- WHAT YOU ARE ASKED TO DO
Each line below that includes the word "Adjustable" is to be reported.
Segment Open
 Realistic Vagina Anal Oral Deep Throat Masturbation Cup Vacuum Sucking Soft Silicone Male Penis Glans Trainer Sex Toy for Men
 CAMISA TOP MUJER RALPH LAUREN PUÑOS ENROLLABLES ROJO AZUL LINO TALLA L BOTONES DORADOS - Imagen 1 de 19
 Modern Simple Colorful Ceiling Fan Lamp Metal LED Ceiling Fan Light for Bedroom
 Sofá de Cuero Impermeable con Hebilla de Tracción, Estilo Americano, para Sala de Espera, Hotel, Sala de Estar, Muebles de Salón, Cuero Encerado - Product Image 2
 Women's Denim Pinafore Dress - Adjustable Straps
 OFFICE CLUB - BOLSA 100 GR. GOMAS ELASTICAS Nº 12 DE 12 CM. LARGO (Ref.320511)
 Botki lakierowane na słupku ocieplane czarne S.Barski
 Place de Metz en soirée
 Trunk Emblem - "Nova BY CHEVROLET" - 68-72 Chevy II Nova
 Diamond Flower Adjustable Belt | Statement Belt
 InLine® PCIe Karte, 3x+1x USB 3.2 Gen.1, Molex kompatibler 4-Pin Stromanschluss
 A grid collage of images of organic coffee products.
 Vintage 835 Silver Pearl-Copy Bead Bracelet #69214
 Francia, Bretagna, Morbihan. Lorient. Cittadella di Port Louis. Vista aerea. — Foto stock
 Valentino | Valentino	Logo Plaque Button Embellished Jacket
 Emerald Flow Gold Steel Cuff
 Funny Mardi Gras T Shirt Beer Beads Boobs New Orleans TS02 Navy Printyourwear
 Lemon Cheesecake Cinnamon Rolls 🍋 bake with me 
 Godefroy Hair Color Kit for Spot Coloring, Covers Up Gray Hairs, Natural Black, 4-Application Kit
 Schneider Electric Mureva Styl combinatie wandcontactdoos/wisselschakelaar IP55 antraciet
Segment Closed
- ANSWER
 Women's Denim Pinafore Dress - Adjustable Straps
 Diamond Flower Adjustable Belt | Statement Belt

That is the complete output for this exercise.